The Torah then commands us to treat our camp with holiness. In order to do so, people with specific levels of ritual impurity are not allowed into different parts of the camp based on the severity of their impurity. (It is interesting to note that the only group that has to leave the entire camp and sit alone is the people who contracted Tzara’as through speaking badly about others and alienating them. What goes around comes around!) After that, the Torah tells us what to do if someone steals, swears falsely to deny it, and then admits. OK, I won’t keep you in suspense; he pays an extra fifth and brings a special sacrifice for atonement. If the victim dies and leaves no heirs, the money goes to the Kohanim.
The next law discussed, is that of the Sotah. This is a wayward woman, who secludes herself with a specific man, despite having been warned not to do so by her husband. In order to determine if she committed a sin while in seclusion, she is brought to the Temple where a procedure is done to determine if she is as innocent as she professes to be. (If, at any point, she admits to being guilty, she goes home without doing the procedure.) The procedure includes a Kohen reading her the passage regarding the Sotah, and dissolving the parchment into water. She then drinks the mixture after bringing a meal offering. If she is guilty, she immediately dies a difficult death, (as does the adulterer wherever he is at the time), but if she is innocent, she is rewarded with an easier birthing in the future, and great children. (Even though she shouldn’t have secluded herself with someone her husband asked her not to, since the procedure was a difficult one she is rewarded for being innocent.)
The parchment which was dissolved contains G-d’s name. If G-d considers marital harmony to be of such import that he allows His name to be erased (for if the wife lives past this procedure, the husband will be placated and no longer think that she betrayed him), how much more should we be willing to go out of our way to keep our marriages peaceful even if it occasionally costs us a bruised ego. After these laws, the Torah discusses the nazir, whom we discussed above. The two are juxtaposed because when one sees the sotah in her degradation, he should be inspired to take measures to insure that he never fall in that way.
After the laws of the nazir, the Torah tells the Kohanim how to bless the people, a practice still done daily in Israel and on the festivals here in the Diaspora. The final art of the Parsha deals with special offerings the leaders of the Twelve Tribes brought to inaugurate the Tabernacle. The first thing they brought was six sturdy wagons and twelve oxen to pull them. These were to be used in the transportation of the Tabernacle, and were divided amongst the tribe of Levi.
The Kehas family didn’t get any wagons, because their job was to carry the holiest vessels and it would be inappropriate for them to relegate such vessels to wagons. In addition to the wagons, the tribal leaders each brought a number of sacrifices during the first twelve days that the Tabernacle was in service.
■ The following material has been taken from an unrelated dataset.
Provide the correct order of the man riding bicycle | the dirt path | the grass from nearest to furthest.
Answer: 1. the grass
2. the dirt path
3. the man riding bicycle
Although the Torah never uses an extra word, in our Parsha, it spends over seventy verses repeating the sacrifices that the leaders brought even thought they were exactly identical. The Torah is telling us that although on the outside the sacrifices were the same, each leader had unique intentions and meaning in his sacrifice, thus making them different. This underscores the idea that even though we may all pray the same prayers, and do the same mitzvoth, each one of us can have an incredibly unique and individual relationship with G-d based on our intentions and thoughts. Let us all continue to develop that relationship, and grow closer with our Father in heaven!
Quote of the Week: Plan for this world as if you expect to live forever, plan for the hereafter as if you expect to die tomorrow. - Ibn Gabirol
Random Fact of the Week: Wood frogs freeze solid in the winter, and then thaw back to life in the spring.
Funny Line of the Week: Money may not buy you happiness, but I would rather cry in a Bentley than on a public bus.